Matters Need to be Covered in Board of Directors Report under Companies Act, 2013
1. Web address, if any, where annual accounts were placed
2. Number of meetings of the Board
3. Director’s Responsibility Statement (DRS)
4. Details in respect of fraud reported by Auditor as per section 143 of the Companies Act, 2013.
5. Explanations or comments by the Board on every qualification, reservation or adverse remark or disclaimer made by the Financial Auditor or by the Secretarial Auditor in its Secretarial Audit Report
6. Particulars of contracts or arrangements with related parties as per section 188 in the Form AOC 2.

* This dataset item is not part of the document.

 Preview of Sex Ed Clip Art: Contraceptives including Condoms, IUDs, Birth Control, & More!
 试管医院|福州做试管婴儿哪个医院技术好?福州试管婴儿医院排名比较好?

7. The state of the company’s affairs
8. Financial summary or highlights of the company
9. Details of directors or KMP who were appointed or have resigned during the year
10. Details of significant and material orders passed by the regulators or courts or tribunals impacting the going concern status and company’s operations in future
11. Statement of declaration given by Independent Director under section 149
12. In case of a company covered under section 178(1), company’s policy on Directors’ appointment and remuneration including criteria for determining qualifications, and other matters provided under section 178
13. Particulars of loans, guarantee or investment under section 186 of the Companies Act, 2013
14. The amounts, if any, which it proposes to carry to any reserves
15. Compliance of the Secretarial Standard
16. If there is any change in capital
17. The amount, if any, which it recommends should be paid by way of dividend;
18. Material changes and commitments, if any, affecting the financial position of the company which have occurred between the end of the financial year of the company to which the financial statements relate and the date of the report;
19. Details of conservation of energy, technology absorption, foreign exchange earnings and outgo, in such manner as may be prescribed
20. A statement indicating development and implementation of a risk management policy.

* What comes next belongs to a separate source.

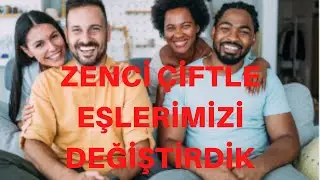 ZENCİ ÇİFT İLE EŞLERİMİZİ DEĞİŞTİRDİK / İTİRAF HİKAYELERİ / EŞ DEĞİŞTİRME HİKAYELERİ / EVLİ ÇİFT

21. The details about the policy developed and implemented by the company on corporate social responsibility initiatives taken during the year;
22. Highlights of the Performance of subsidiaries, associates and joint venture companies and their contribution to the overall performance of the company during the period under report
23. Every listed company and every other public company having a paid up share capital of Rs. 25 Cr. or more calculated at the end of the preceding financial year shall include, in the report by its Board of directors, a statement indicating the manner in which formal annual evaluation has been made by the Board of its own performance and that of its committees and individual directors.

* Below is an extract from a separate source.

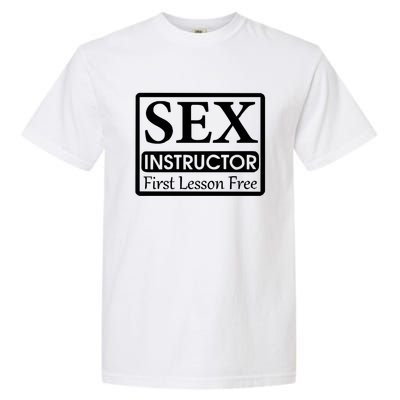 Sex Instructor First Free Lesson Garment-Dyed Heavyweight T-Shirt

24. Change in the nature of business, if any;
25. The names of companies which have become or ceased to be its Subsidiaries, joint ventures or associate companies during the year
26. Details relating to deposits, covered under Chapter V of the Act
27. Details of deposits which are not in compliance with the requirements of Chapter V of the Act;
28. Details in respect of adequacy of internal financial controls with reference to the Financial Statements
29. Disclosure, as to whether maintenance of cost records as specified by the Central Government under section148 of the Companies Act, 2013, is required by the Company and accordingly such accounts and records are made and maintained,
30. Statement that the company has complied with provisions relating to the constitution of Internal Complaints Committee under the Sexual Harassment of Women at Workplace (Prevention, Prohibition and Redressal) Act, 2013
31. The details of application made or any proceeding pending under the Insolvency and Bankruptcy Code, 2016 (31 of 2016) during the year along nwith their status as at the end of the financial year.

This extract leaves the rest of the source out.